Winners and losers post Brexit

The shock vote in June 2016 by the UK electorate to leave the European Union has created a period of uncertainty for all sectors of the insurance industry—one that may well extend for some time.

The decision will have implications for many parts of the industry in many ways. The biggest initial consequence for insurers, for example, was the immediate fluctuation in currency exchange rates, which hit both the asset and the liability sides of the balance sheets of companies operating in sterling and/or euros.

Beyond this, there will be potential consequences regarding the free movement of labour once the exit process is complete and a myriad of potential complications around regulatory processes and procedures—for example, could the UK deviate from Solvency II?

But easily the biggest worry for re/insurers so far has been the potential loss of their passporting rights, which allow UK companies to freely trade, sell and distribute products in the EU and vice versa.

This issue is also an important one within the captives sector, as it could have implications for where companies choose to base their captives.

In the aftermath of the vote, trade bodies were keen to get their point across to the UK government: that the re/insurance industry needed to be front and centre of considerations around negotiations and the exit settlement. A number specifically mentioned the importance of the captives sector in such correspondence.

The British Insurance Brokers Association (BIBA), for example, asked the UK government to consider 11 points affecting brokers and their customers post the vote. In this, it mentioned the captives sector, specifically stressing the importance of some of the facilities brokers have created.

“The impact on captive insurance companies writing for European operations from the UK, or vice versa for a UK operation from a European base needs to be considered,” BIBA said.

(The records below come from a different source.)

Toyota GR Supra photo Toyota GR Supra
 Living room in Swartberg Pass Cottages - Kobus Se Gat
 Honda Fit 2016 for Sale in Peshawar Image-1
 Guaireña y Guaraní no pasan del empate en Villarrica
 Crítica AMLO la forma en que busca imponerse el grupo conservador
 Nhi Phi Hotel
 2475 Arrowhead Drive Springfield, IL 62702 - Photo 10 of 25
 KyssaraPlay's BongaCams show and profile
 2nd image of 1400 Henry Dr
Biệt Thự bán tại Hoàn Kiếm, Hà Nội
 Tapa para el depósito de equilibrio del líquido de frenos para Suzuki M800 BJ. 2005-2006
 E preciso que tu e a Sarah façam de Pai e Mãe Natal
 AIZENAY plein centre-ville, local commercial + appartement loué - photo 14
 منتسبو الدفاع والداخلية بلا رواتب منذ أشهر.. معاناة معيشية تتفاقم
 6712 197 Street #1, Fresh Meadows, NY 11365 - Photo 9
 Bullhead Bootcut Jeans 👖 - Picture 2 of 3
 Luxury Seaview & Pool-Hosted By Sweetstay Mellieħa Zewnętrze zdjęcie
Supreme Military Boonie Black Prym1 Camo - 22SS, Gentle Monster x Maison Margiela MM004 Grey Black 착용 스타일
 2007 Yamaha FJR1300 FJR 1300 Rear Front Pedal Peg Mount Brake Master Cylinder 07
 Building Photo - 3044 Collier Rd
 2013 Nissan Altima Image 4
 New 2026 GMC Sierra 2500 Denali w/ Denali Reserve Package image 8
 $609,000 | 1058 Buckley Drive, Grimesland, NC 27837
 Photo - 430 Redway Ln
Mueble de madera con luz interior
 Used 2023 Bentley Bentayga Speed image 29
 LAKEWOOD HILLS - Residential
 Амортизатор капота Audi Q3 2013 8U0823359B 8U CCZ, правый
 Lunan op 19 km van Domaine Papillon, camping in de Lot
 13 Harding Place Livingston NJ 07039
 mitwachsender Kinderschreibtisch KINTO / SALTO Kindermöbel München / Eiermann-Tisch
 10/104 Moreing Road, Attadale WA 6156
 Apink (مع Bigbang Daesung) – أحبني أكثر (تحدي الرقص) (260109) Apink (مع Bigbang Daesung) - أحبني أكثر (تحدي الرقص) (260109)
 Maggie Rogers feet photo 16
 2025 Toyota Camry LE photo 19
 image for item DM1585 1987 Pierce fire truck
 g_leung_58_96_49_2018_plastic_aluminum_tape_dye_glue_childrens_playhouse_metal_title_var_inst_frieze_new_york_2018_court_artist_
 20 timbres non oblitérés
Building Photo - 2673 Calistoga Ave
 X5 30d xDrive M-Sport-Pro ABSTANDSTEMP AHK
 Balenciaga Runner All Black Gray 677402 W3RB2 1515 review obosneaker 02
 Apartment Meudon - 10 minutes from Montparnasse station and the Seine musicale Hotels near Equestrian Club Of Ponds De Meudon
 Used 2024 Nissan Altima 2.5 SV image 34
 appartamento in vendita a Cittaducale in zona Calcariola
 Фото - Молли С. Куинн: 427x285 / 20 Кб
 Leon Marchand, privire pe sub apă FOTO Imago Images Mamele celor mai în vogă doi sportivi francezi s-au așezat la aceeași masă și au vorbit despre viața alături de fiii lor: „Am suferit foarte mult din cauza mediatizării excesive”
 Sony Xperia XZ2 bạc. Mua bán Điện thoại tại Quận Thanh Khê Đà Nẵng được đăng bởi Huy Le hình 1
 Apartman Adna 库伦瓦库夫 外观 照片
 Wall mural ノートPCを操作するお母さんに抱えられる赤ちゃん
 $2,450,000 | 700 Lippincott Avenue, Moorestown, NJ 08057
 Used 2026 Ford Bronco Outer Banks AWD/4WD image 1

“Some brokers have created specific captive insurance arrangements for customers in order to place risks they are unable to place competitively in the UK. These arrangements will be put at risk where access to the EU is restricted and we may also see job losses for staff in the business units that focus on helping customers with these arrangements.”

How long is that string?

"It is reasonable to expect that cross-border passporting rights between UK and EU will cease and alternative arrangements will need to be put in place." Malcolm Cutts-Watson, Cutts-Watson Consulting

The problem with much of this is that it remains very difficult to predict what the outcome of Brexit negotiations will be.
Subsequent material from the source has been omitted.